A chapter 7 bankruptcy is a legal liquidation. Many people refer to it as the "fresh-start" bankruptcy. In a chapter 7 bankruptcy, a consumer lists all of his or her assets in the petition, values them on a garage-sale basis, and protects them up to certain dollar amounts using laws called exemptions.
The most widely used (and therefore important) exemptions in Florida are as follows:
- Homestead (unlimited unless home purchased in last 3 1/3 years, then $125,000.00)
- Automobile ($1,000.00 per debtor)
- Household Goods & Furnishings ($1,000.00 per debtor)
- IRA / 401k ($1,000,000.00 / unlimited)
- Life Insurance (unlimited) Annuities (unlimited)
- Social Security & Pensions (unlimited)
- Wild Card (Additional $4,000.00 per debtor if no homestead)

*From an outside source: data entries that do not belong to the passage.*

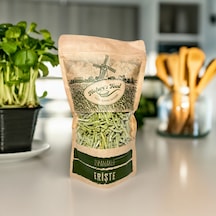 Ispanaklı Erişte 400gr Buğday Unu, Süt, Ispanak Püresi, Yumurta, Irmik, Tuz.
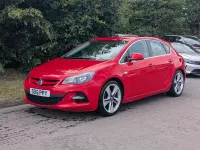 Used Vauxhall Astra Edition 115 HP (84 kW) 2015 Power red Hatchback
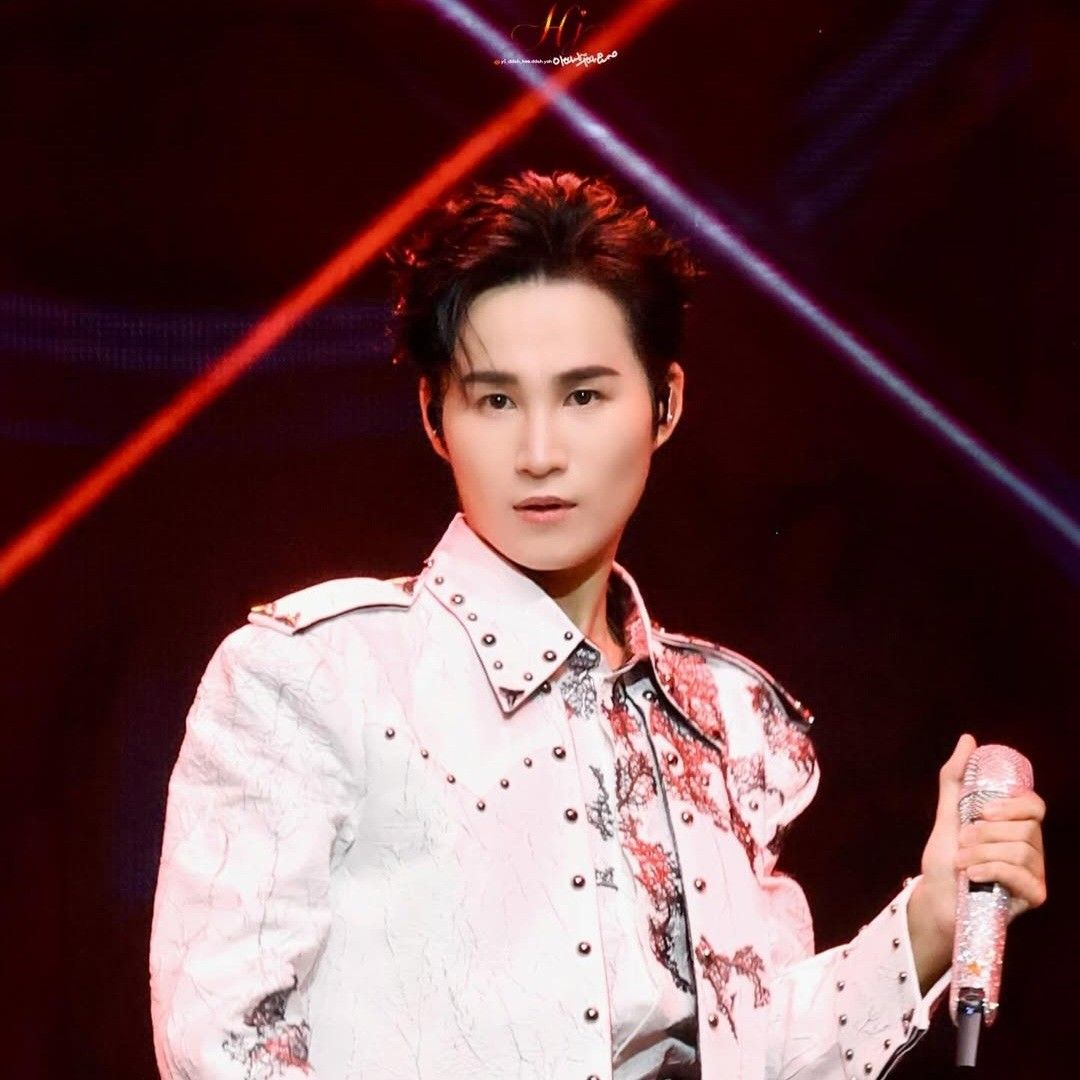 김희재의 비하인드 컷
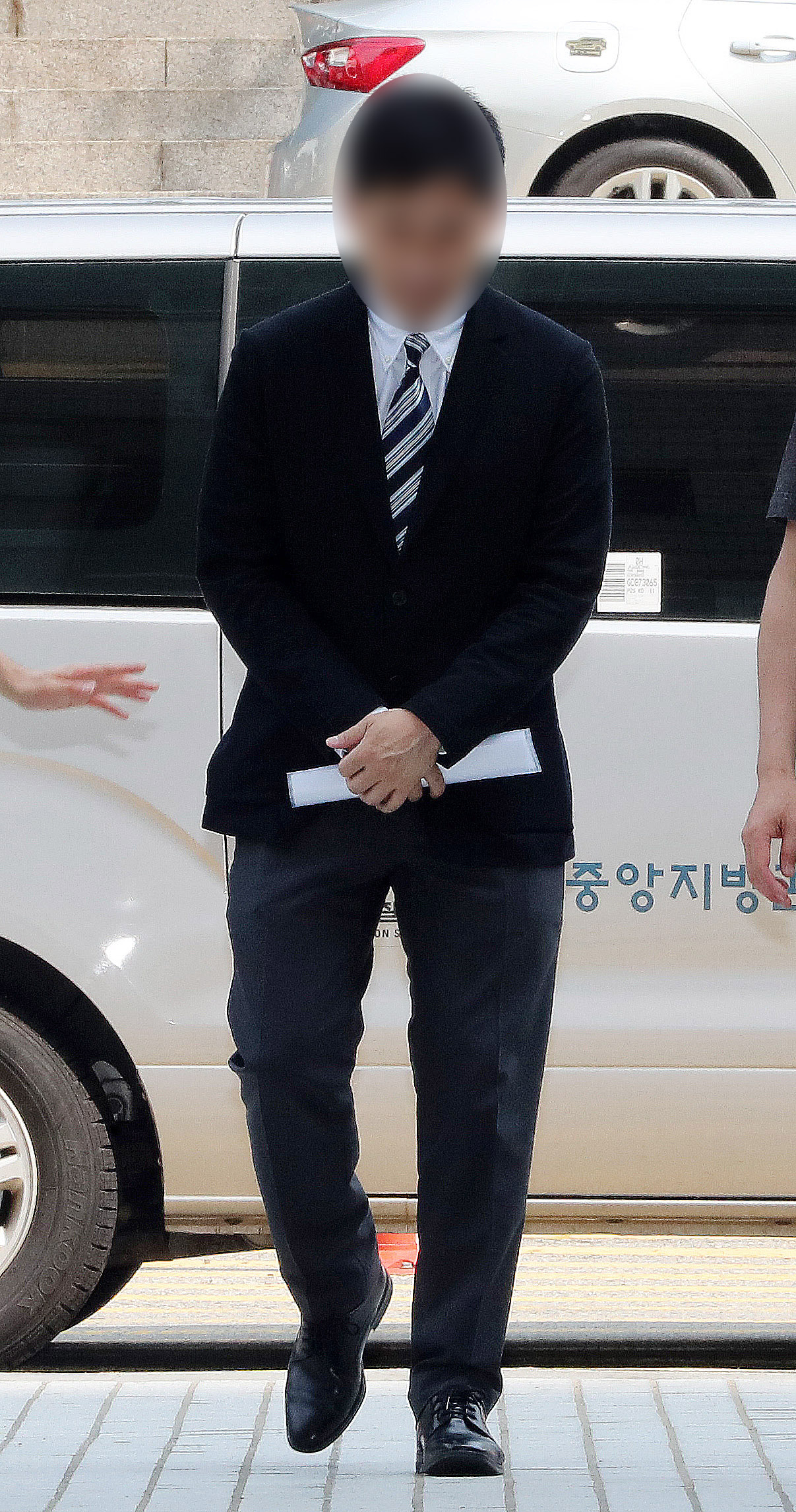 김성훈 백광산업 전 대표가 20일 서울 서초구 서울중앙지방법원에서 열린 200억 원대 횡령과 외부감사법·자본시장법 위반, 증거인멸교사 혐의 구속영장 실질심사에 출석하고 있다. [연합뉴스]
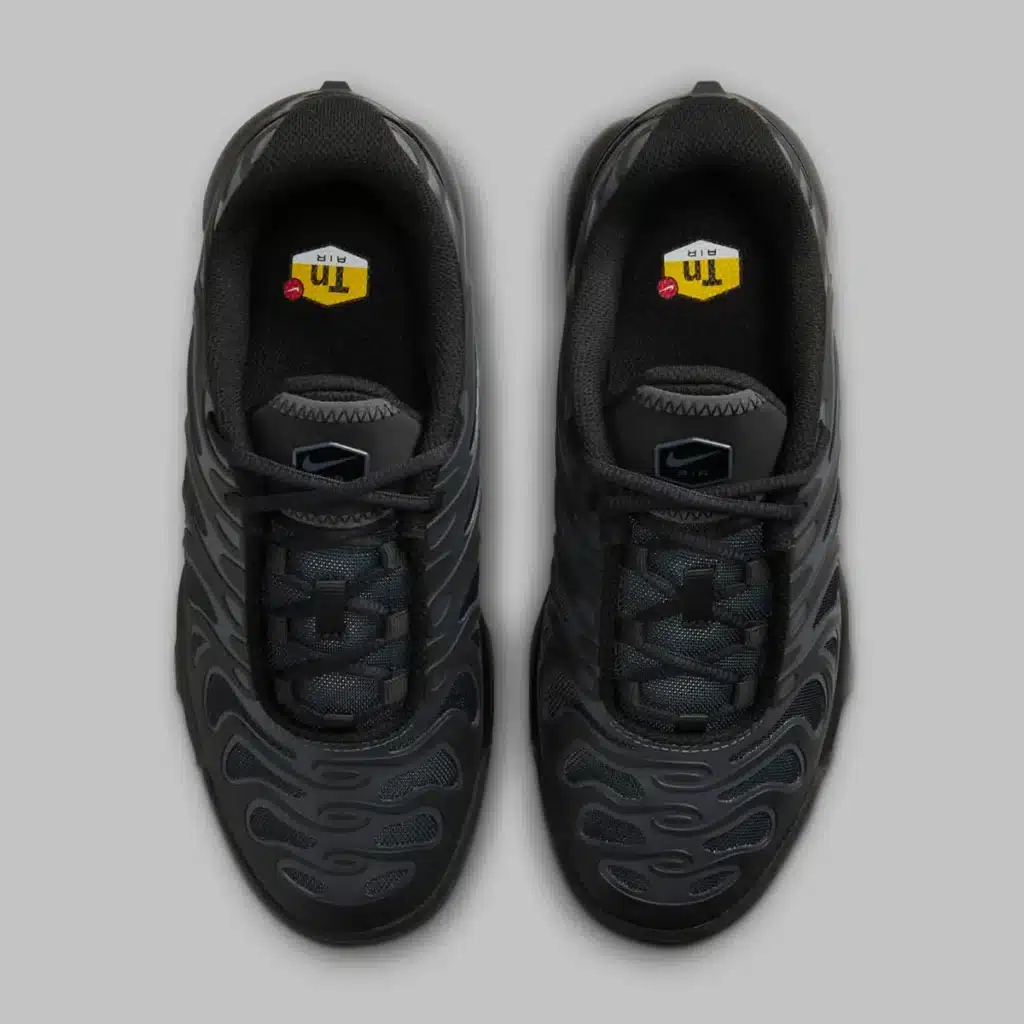 nike-air-max-plus-drift-gs-black-anthracite-FV5921-002-5 - HQZ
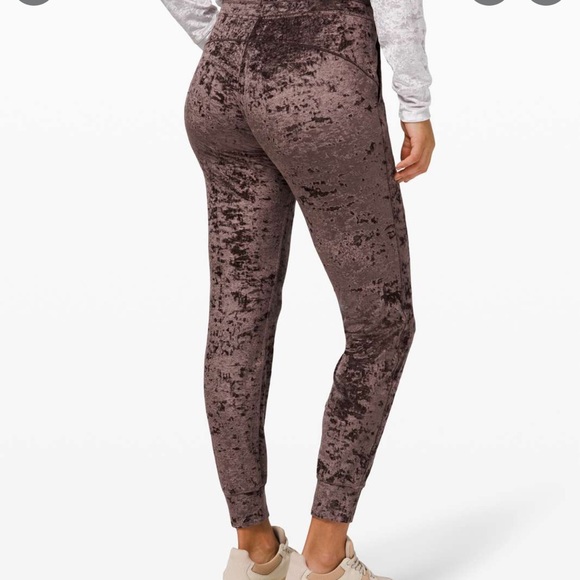 lululemon athletica Pants - Ready to rulu crushed velvet joggers size 4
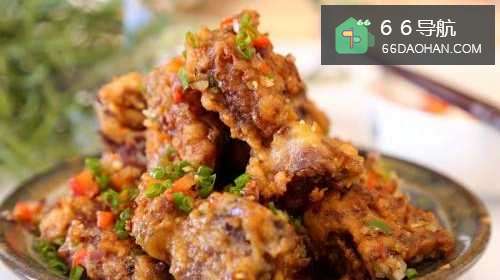 椒盐排骨的做法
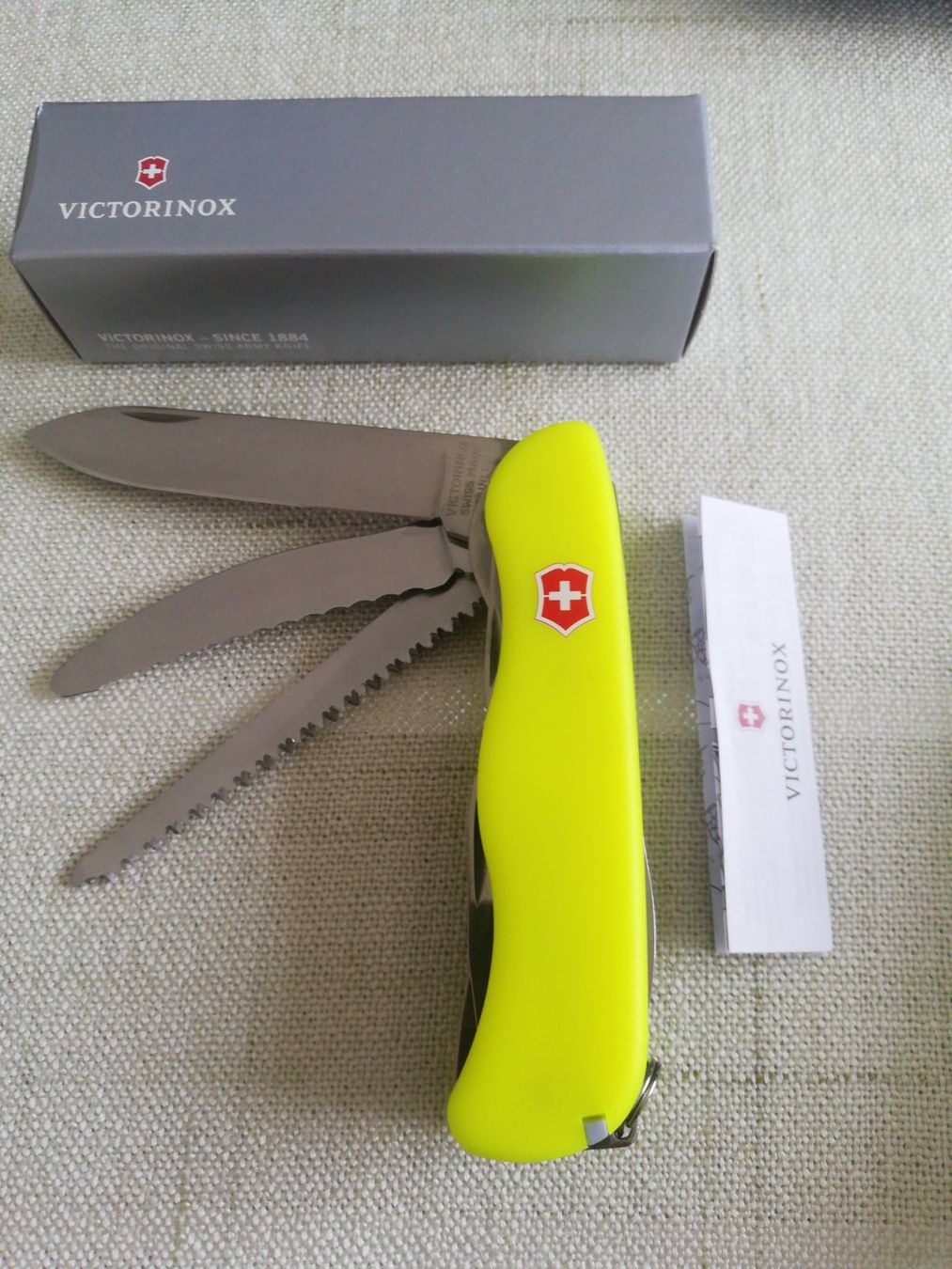 Victorinox Coltelli tascabile: Victorinox Fireman Stay Glow – Nuovo e nell'imballaggio originale da Balgach venduto da VicAlox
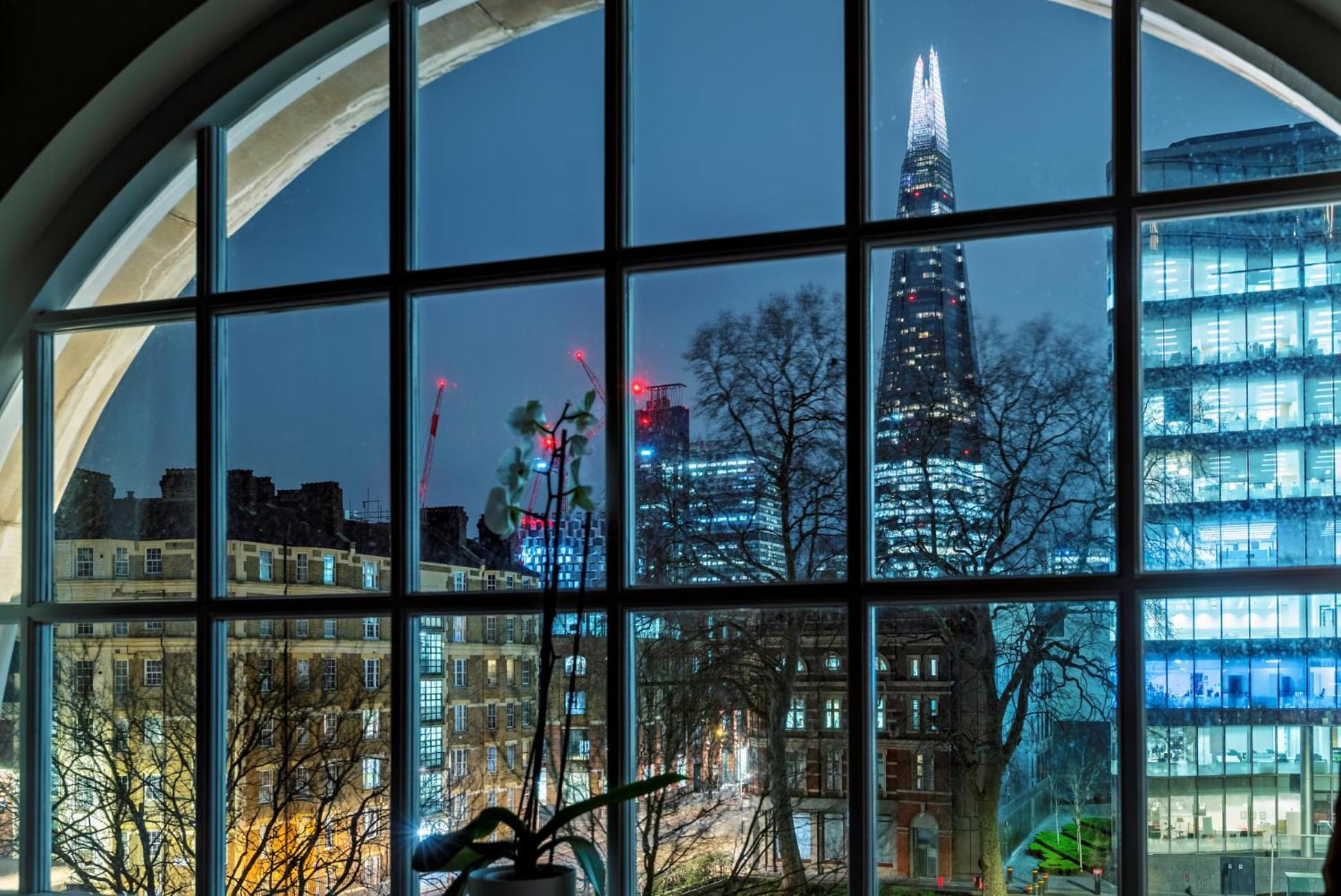 Hotel The Lalit Londýn Exteriér fotografie The Shard, London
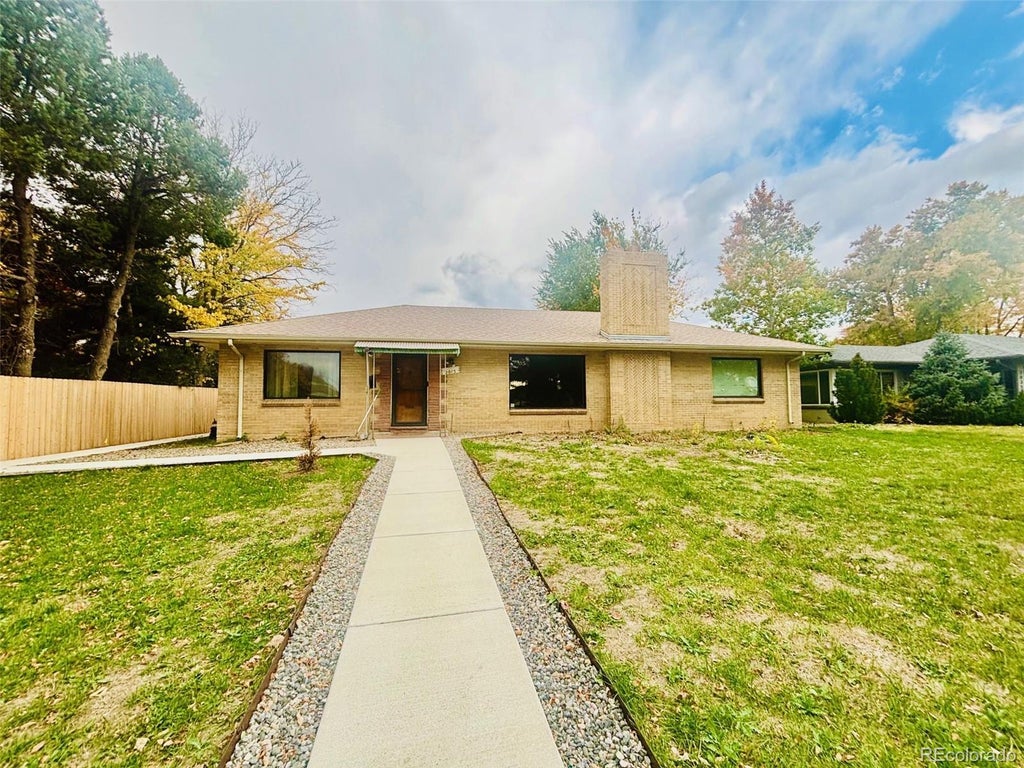 2015 Monaco Parkway, Denver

This is a partial list of exemptions and is not intended to be an exhaustive list. You should consult with a local attorney to go over the exemptions in greater detail and to understand how certain facts could give rise to fraudulent transfer concerns and could thereby limit if not altogether eliminate the above listed asset protection amounts.
Finally, the debtor will also list his or her liabilities, his or her intentions with regard to secured assets and disclose certain transactions that the debtor has engaged in in the relatviely recent past. After your case is filed, the debtor must attend one hearing, popularly called the "341 Meeting of Creditors," named after the bankruptcy code section that requires it. After this three to five minute hearing, the debtor must then take one last class to obtain his or her Certificate of Debtor Education (taken on-line or over the phone) and you are done! You should typically receive your discharge, signed by the judge, in three to four months.
It should be noted, the above described process is a brief, non-exhaustive explanation of the average chapter 7 consumer bankruptcy. It is NOT intended to offer legal advice, create any attorney-client privilege with anyone, or predict your particular, individualized case in any manner.